- Birch Grove credit hedge fund made money 24 of last 25 months.
- Manager sees volatility continuing as defaults, rates rise.
August ruined Jonathan Berger’s perfect record.
Since Berger started trading at his Birch Grove Capital hedge fund in August 2013, he’s been saying that credit markets are dicey. That’s why his long bets on corporate bonds have mostly been matched by wagers on falling prices, a conservative stance that helped his $800 million firm make money for 24 months running -- trouncing competitors and the high-yield market.
“As we have said for the past two years, we are in a fragile market with volatility risk at a high point,” wrote Berger, 46, in his July report to clients.

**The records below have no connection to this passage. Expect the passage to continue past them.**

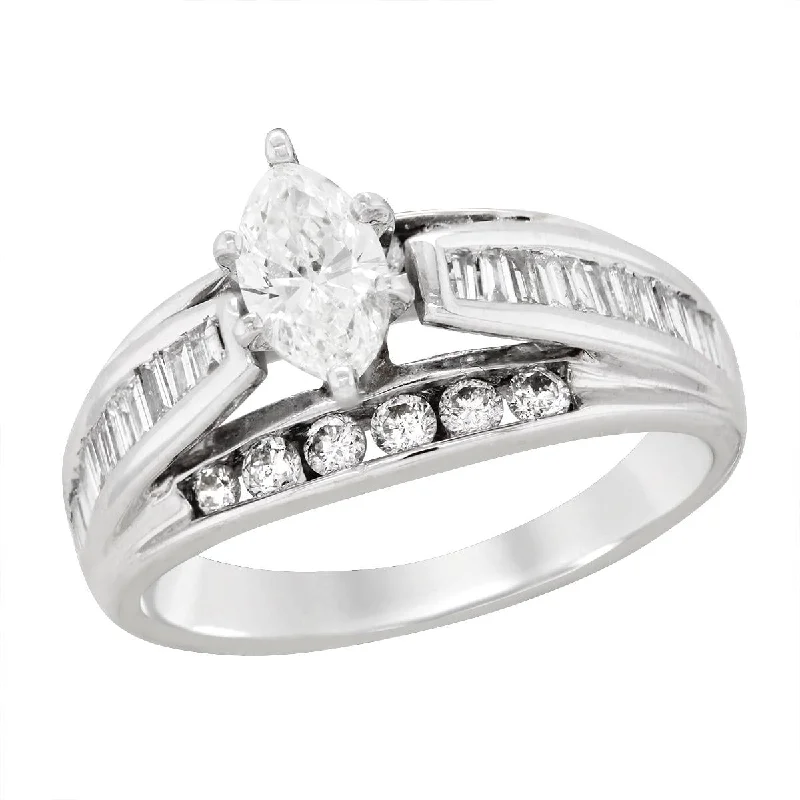 Ladies engagement rings for class-day love -WHITE GOLD ENGAGEMENT RING WITH MARQUISE CENTER, 1.20 CT TW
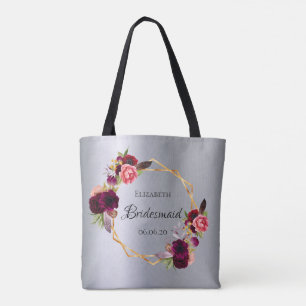 Bridesmaid silver florals burgundy tote bag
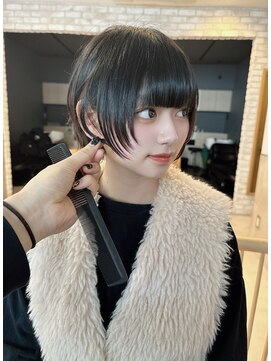 レイヤーショート/ショートボブ/地毛風縮毛矯正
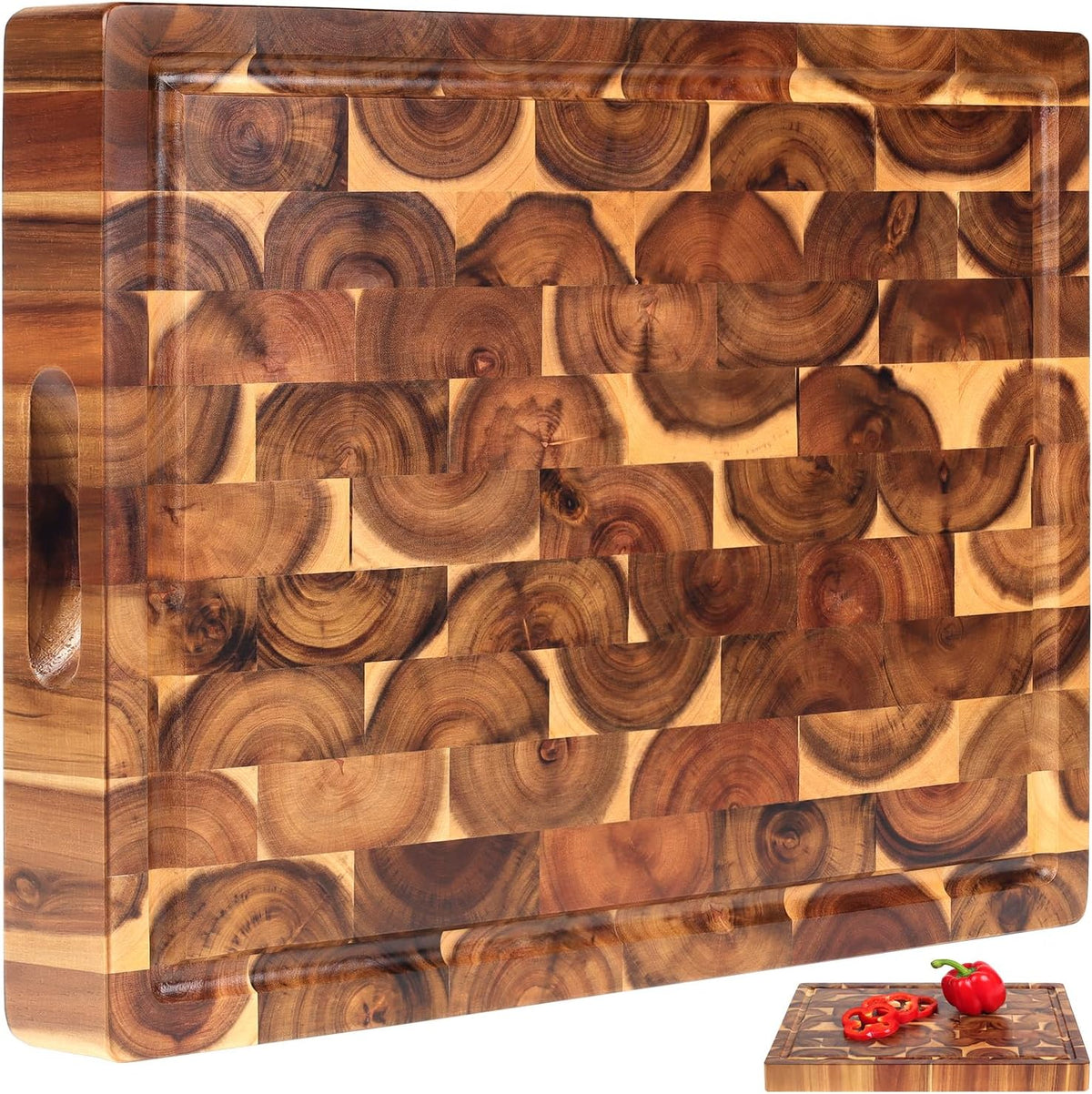 Acacia End Grain Cutting Board (17x13x1.5in), Butcher Block - Reversible Multipurpose Chopping Board with Juice Groove, Cracker Holder & Inner Handles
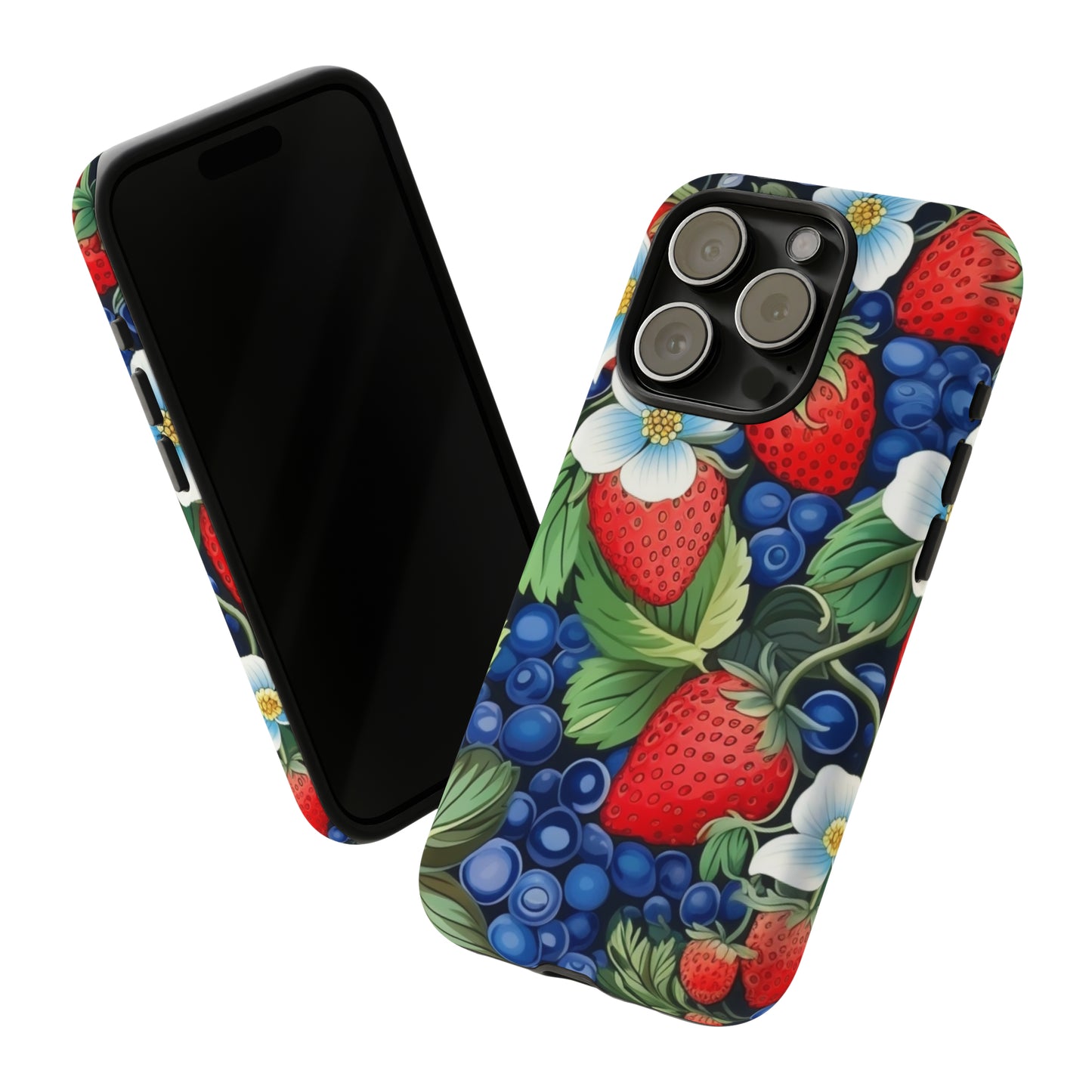 Strawberries and Blueberries on Black phone case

The rout in August erased more than $5 trillion from global stock markets as China devalued the yuan and reports signaled growth in the world’s second-biggest economy was slowing. High-yield bonds also dropped, though much less than stocks, losing 1.8 percent including dividends. Berger’s fund lost half a percent, according to a person familiar with the firm.

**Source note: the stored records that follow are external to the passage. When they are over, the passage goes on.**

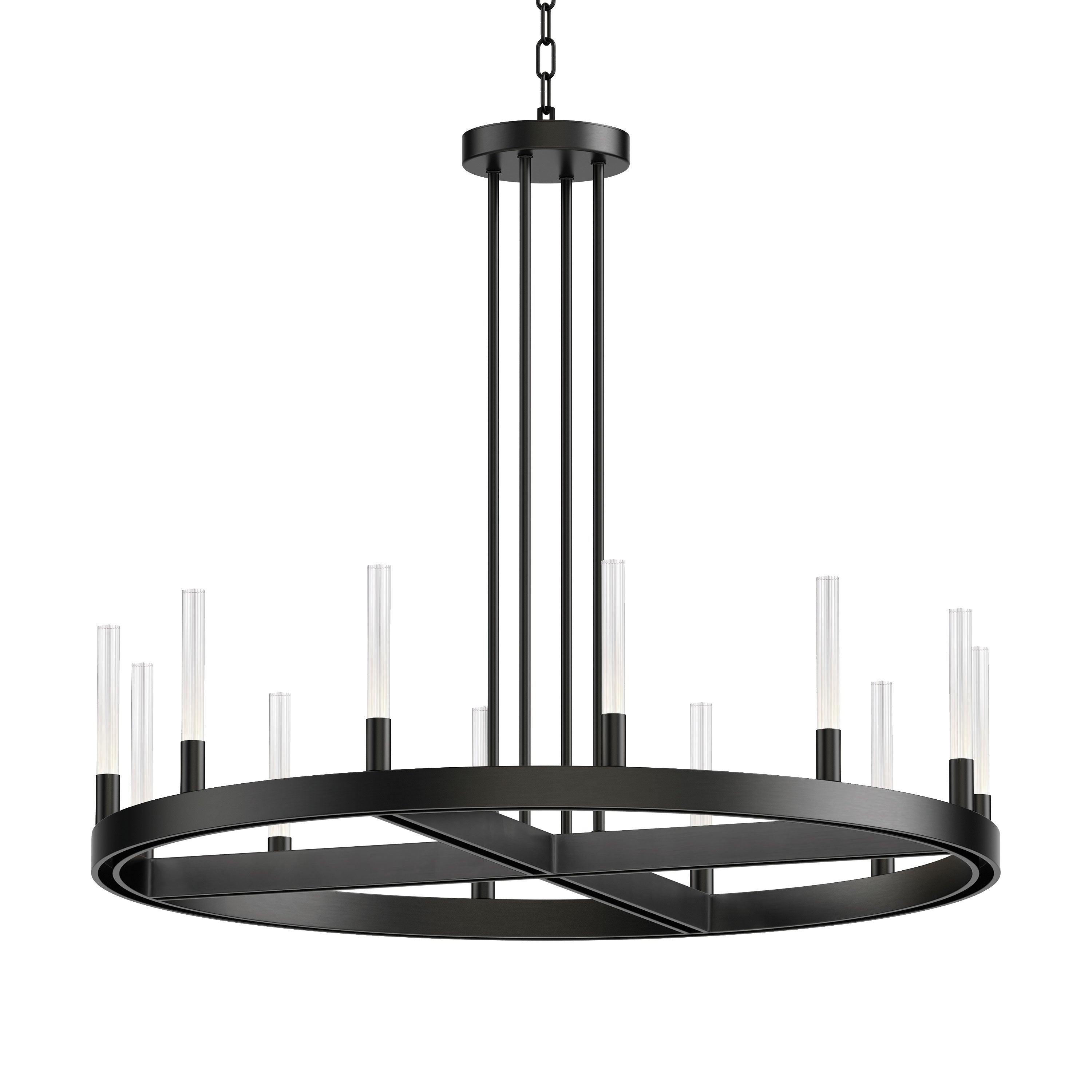 OVATION Chandelier Noir DEL INTÉGRÉ - 16164CRBK | MAXIM/ET2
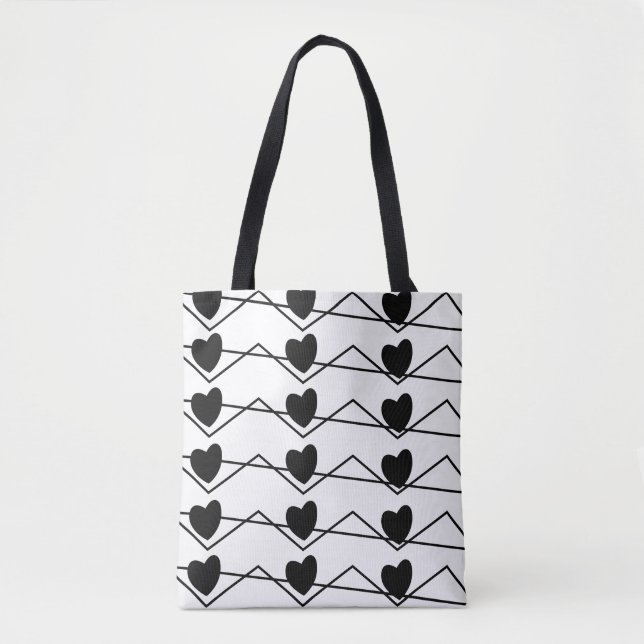 Tote Bag Chevron Stripe Hearts Valentines Day (Devant)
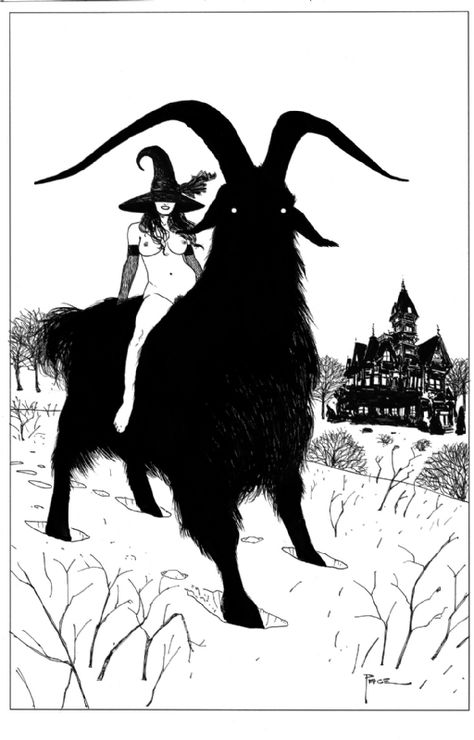 Witch and Goat - Richard Pace - Witchy Wednesdays Comic Art Goat Art, Cosmic Horror, Occult Art, Unicorn Art, Demon Art, Art Gallery Room, Witch Aesthetic, Horror Art, Dark Fantasy Art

While Berger’s winning streak is no longer intact, he’s still beating his competition. His fund gained about 2.5 percent this year, and about 12.8 percent over the last 25 months, according to an investor report. That return has beaten the Bank of America Merrill Lynch U.S. High-Yield Index, which earned 6.6 percent in the same period, and other credit hedge funds, which have risen 4.4 percent, according to Hedge Fund Research Inc.

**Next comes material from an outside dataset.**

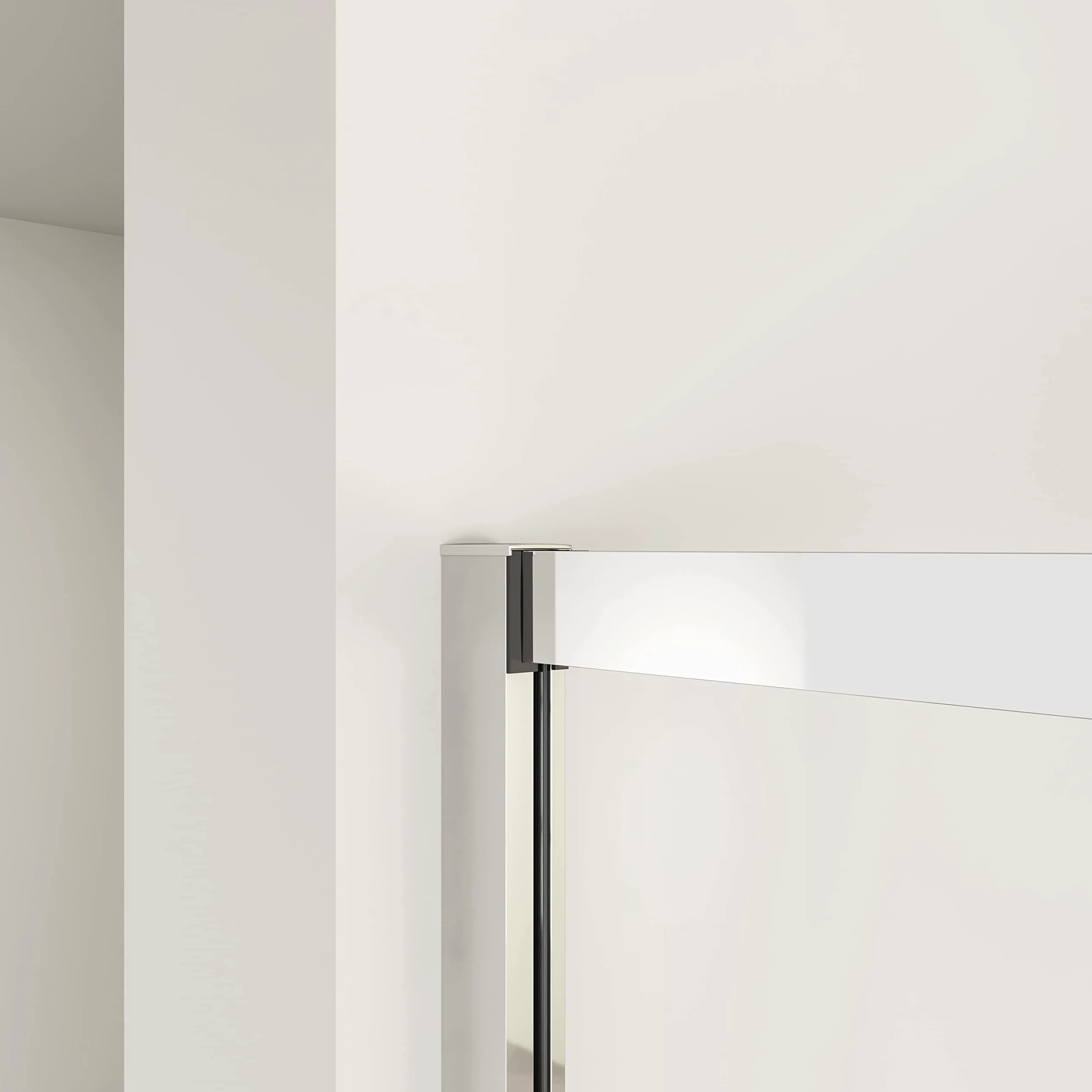 Box Doccia Angolare 90x90 cm H.185 cm Porta Scorrevole Vetro Temperato Trasparente di Spessore 6 mm Anticalcare Profilo Cromo Lucido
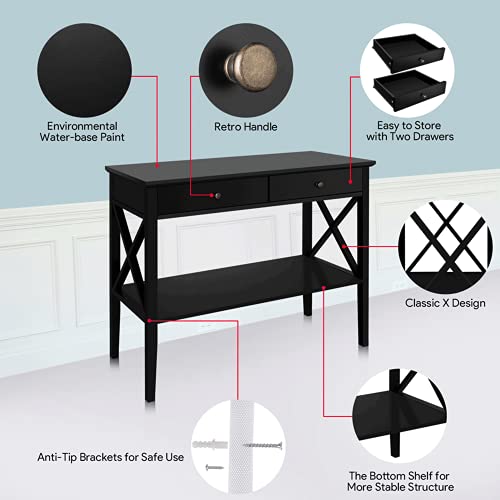 ChooChoo Console Table with Drawers, Narrow Wood Accent Sofa Table Entryway Table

More trouble is looming, Berger wrote, although he is not planning on making big bets on falling prices just yet because he expects more market swings.
In the past year, high-yield bonds issued by energy companies and metals and mining firms have all seen default rates rise. Berger expects other sectors to follow suit, he said in his July report.
For now defaults are still low. In mid-August, Fitch Ratings predicted that defaults would be about 3 percent by the end of the month. That’s still below the average junk default rate of 4.1 percent, according to Fitch.
“Rising default rates and rising interest rates will pose a major headwind for the high-yield market,” Berger said in the client note. That will reduce flows into mutual funds and exchange-traded funds, further weakening a market dominated by retail capital.
The spread between high-yield debt and Treasuries is now near historic highs, yet the difference between the yields on BB-rated bonds and the riskiest junk bonds tightened since August, suggesting that the lowest-quality bonds are still expensive.
While Berger isn’t betting against any individual junk bonds yet, he is short individual investment grade bonds. His wagers on falling prices include buying options on credit indexes and shorting individual companies with an investment grade rating, the report said.
About two-thirds of his portfolio is in so-called event-driven trades, such as bets on the debt of companies going through spinoffs or leveraged buyouts, mostly of mid-cap firms, the report said. He’s also been purchasing the convertible bonds of takeover candidates, while shorting the stock or buying options that gain in value if the stock price falls.
Ed Rowley, a spokesman for New York-based Birch Grove at ASC Advisors, declined to comment.
Before starting Birch Grove, Berger was the former president and chief investment officer of Stone Tower Capital, where he was responsible for overseeing $2 billion in credit hedge funds.